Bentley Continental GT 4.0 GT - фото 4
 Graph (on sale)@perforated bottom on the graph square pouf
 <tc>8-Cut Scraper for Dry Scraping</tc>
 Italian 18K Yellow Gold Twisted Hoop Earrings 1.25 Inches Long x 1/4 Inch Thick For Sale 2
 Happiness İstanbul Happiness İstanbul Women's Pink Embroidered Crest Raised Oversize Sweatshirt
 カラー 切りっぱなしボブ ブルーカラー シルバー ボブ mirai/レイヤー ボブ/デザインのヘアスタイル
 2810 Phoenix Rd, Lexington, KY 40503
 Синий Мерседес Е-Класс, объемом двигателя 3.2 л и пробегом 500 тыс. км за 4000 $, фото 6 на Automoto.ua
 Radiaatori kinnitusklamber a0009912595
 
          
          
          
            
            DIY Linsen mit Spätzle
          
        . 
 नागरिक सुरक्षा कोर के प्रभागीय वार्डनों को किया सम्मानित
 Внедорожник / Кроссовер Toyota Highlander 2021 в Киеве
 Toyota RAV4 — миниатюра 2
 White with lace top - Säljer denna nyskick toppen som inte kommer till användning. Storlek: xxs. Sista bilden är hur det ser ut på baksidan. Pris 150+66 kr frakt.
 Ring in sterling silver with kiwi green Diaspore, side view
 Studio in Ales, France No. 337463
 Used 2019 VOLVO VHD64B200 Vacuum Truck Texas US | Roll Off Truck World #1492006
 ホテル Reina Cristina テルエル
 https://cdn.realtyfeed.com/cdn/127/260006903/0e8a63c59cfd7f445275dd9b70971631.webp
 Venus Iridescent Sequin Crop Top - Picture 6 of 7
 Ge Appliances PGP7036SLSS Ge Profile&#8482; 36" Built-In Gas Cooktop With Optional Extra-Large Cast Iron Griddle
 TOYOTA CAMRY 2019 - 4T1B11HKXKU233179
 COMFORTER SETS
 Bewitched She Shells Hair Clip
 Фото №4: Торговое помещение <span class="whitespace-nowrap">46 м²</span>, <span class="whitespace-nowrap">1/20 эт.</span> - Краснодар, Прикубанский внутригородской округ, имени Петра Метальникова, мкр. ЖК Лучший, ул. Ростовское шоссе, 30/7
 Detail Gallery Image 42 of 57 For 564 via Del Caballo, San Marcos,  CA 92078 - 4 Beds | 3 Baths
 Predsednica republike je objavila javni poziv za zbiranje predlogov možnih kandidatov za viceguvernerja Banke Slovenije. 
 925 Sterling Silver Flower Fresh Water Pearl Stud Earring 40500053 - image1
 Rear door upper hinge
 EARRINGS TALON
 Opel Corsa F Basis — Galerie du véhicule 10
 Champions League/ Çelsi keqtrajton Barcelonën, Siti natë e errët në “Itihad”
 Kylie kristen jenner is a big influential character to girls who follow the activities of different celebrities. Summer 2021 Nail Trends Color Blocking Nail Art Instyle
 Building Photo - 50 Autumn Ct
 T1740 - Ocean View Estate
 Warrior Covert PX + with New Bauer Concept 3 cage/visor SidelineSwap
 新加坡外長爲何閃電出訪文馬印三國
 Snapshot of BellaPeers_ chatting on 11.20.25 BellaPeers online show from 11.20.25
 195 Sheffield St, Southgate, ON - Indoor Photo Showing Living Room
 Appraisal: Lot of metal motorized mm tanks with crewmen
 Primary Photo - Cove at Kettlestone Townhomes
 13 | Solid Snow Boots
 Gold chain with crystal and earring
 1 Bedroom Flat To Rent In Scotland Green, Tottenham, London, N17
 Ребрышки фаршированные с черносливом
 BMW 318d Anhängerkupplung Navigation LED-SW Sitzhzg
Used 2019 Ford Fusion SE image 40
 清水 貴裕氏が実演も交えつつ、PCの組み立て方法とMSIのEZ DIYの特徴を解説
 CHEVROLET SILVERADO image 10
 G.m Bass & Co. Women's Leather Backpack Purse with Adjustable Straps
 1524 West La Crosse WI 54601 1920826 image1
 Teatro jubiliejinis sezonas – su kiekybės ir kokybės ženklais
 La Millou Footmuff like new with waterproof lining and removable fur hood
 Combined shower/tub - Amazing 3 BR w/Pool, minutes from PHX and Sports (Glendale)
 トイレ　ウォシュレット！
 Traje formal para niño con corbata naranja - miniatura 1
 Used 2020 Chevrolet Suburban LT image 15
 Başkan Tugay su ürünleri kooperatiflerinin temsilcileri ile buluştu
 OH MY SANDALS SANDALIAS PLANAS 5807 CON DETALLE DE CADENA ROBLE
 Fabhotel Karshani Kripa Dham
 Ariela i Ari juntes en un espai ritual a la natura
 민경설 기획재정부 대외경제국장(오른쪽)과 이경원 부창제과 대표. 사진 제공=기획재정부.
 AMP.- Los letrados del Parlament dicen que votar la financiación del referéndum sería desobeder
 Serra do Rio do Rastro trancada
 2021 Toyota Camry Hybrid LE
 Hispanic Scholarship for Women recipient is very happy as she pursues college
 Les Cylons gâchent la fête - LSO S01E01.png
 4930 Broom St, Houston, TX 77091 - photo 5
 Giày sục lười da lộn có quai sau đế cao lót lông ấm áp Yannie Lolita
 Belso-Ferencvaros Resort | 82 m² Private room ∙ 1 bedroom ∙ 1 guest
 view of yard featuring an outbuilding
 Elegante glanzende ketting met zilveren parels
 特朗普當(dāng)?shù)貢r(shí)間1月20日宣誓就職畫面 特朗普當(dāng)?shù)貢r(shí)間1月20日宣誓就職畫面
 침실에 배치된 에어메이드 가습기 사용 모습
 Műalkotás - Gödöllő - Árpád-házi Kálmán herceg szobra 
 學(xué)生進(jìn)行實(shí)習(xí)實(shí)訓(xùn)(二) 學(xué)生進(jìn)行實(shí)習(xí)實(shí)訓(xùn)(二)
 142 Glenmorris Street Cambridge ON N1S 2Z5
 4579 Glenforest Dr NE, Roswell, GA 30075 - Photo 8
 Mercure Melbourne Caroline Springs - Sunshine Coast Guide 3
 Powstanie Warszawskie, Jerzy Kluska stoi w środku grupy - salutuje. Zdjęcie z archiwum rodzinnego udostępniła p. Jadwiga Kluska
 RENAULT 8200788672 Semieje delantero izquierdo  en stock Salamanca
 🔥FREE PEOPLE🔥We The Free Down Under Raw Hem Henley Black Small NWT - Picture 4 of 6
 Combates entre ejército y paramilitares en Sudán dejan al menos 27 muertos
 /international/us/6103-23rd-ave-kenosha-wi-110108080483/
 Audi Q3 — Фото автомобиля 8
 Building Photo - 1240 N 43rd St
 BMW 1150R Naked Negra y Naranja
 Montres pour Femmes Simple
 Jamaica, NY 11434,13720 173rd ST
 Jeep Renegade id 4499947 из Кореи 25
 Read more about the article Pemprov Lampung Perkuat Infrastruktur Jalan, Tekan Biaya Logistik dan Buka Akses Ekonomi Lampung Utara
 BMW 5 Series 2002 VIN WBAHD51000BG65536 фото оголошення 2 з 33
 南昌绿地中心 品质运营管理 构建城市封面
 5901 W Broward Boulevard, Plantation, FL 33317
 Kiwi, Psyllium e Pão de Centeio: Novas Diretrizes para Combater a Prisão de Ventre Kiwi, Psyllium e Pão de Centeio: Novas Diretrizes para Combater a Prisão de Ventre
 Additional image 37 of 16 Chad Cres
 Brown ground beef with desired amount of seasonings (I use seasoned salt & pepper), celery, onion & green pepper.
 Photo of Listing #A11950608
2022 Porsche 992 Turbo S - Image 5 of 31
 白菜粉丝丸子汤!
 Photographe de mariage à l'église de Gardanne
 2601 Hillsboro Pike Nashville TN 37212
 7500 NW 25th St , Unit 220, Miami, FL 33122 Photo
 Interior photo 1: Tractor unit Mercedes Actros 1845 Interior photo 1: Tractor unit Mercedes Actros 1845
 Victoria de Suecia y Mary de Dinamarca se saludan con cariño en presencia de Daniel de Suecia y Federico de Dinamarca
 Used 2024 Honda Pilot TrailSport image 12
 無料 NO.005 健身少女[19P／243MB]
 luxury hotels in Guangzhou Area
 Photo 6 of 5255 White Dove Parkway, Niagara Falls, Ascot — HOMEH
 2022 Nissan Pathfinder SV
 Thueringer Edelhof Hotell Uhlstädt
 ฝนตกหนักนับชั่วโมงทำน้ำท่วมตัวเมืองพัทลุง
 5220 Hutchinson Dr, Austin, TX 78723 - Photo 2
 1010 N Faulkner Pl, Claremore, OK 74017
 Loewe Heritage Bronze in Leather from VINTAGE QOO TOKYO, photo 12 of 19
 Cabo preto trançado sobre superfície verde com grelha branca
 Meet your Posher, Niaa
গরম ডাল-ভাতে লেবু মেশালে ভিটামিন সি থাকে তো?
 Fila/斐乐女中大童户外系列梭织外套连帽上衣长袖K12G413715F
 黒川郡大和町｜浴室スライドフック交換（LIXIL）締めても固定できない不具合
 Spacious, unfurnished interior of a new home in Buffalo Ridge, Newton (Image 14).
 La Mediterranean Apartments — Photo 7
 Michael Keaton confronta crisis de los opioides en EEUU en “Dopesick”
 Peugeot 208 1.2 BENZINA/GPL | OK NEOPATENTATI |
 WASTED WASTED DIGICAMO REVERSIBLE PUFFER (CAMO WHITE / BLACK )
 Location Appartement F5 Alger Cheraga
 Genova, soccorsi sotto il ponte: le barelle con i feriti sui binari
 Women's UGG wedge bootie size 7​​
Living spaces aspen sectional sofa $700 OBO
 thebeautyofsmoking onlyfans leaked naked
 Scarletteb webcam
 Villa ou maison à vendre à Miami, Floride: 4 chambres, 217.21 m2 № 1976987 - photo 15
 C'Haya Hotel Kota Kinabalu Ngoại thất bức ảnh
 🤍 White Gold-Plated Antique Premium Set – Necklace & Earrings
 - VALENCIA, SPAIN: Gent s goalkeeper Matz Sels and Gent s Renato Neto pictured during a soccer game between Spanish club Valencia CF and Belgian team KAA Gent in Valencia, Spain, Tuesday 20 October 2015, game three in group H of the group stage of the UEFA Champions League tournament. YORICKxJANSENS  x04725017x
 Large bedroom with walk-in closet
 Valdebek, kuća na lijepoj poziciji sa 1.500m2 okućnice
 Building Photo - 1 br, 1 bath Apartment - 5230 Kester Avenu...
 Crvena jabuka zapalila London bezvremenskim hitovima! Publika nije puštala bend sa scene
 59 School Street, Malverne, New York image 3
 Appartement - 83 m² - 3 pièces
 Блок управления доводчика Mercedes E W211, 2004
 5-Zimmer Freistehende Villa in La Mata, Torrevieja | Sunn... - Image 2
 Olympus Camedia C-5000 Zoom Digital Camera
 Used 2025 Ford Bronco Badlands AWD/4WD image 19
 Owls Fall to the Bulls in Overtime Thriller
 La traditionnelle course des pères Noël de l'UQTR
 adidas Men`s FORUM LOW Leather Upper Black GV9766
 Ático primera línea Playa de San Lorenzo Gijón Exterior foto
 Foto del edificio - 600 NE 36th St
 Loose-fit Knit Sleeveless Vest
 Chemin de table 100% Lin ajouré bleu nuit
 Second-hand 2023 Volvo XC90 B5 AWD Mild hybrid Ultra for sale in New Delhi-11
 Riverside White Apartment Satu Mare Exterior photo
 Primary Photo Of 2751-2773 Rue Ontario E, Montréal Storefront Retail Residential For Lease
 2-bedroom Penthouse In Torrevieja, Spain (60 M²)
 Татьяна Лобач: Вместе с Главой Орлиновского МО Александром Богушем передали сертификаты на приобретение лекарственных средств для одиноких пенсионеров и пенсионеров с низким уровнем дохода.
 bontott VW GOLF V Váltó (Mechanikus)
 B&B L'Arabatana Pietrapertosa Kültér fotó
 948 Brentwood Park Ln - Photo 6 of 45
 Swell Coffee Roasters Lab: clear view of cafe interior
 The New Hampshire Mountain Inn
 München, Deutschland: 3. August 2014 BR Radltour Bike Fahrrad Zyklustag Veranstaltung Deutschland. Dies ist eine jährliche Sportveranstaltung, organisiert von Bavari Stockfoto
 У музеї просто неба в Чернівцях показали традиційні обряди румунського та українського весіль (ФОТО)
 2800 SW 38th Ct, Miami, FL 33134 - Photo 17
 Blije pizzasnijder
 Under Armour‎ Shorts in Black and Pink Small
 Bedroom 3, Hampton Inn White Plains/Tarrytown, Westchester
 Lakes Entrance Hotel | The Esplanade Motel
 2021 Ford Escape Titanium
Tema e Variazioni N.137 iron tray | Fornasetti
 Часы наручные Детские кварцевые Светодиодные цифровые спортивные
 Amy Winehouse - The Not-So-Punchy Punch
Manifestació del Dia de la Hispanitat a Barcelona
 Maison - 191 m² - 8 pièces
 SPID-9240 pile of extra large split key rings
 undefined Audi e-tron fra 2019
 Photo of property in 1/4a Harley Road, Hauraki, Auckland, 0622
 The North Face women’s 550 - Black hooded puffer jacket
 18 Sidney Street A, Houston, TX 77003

__________________________________________________

Repeat only the lines above, from the first line of the entries through the line that contains "Radiaatori kinnitusklamber a0009912595", including both ends.

Bentley Continental GT 4.0 GT - фото 4
 Graph (on sale)@perforated bottom on the graph square pouf
 <tc>8-Cut Scraper for Dry Scraping</tc>
 Italian 18K Yellow Gold Twisted Hoop Earrings 1.25 Inches Long x 1/4 Inch Thick For Sale 2
 Happiness İstanbul Happiness İstanbul Women's Pink Embroidered Crest Raised Oversize Sweatshirt
 カラー 切りっぱなしボブ ブルーカラー シルバー ボブ mirai/レイヤー ボブ/デザインのヘアスタイル
 2810 Phoenix Rd, Lexington, KY 40503
 Синий Мерседес Е-Класс, объемом двигателя 3.2 л и пробегом 500 тыс. км за 4000 $, фото 6 на Automoto.ua
 Radiaatori kinnitusklamber a0009912595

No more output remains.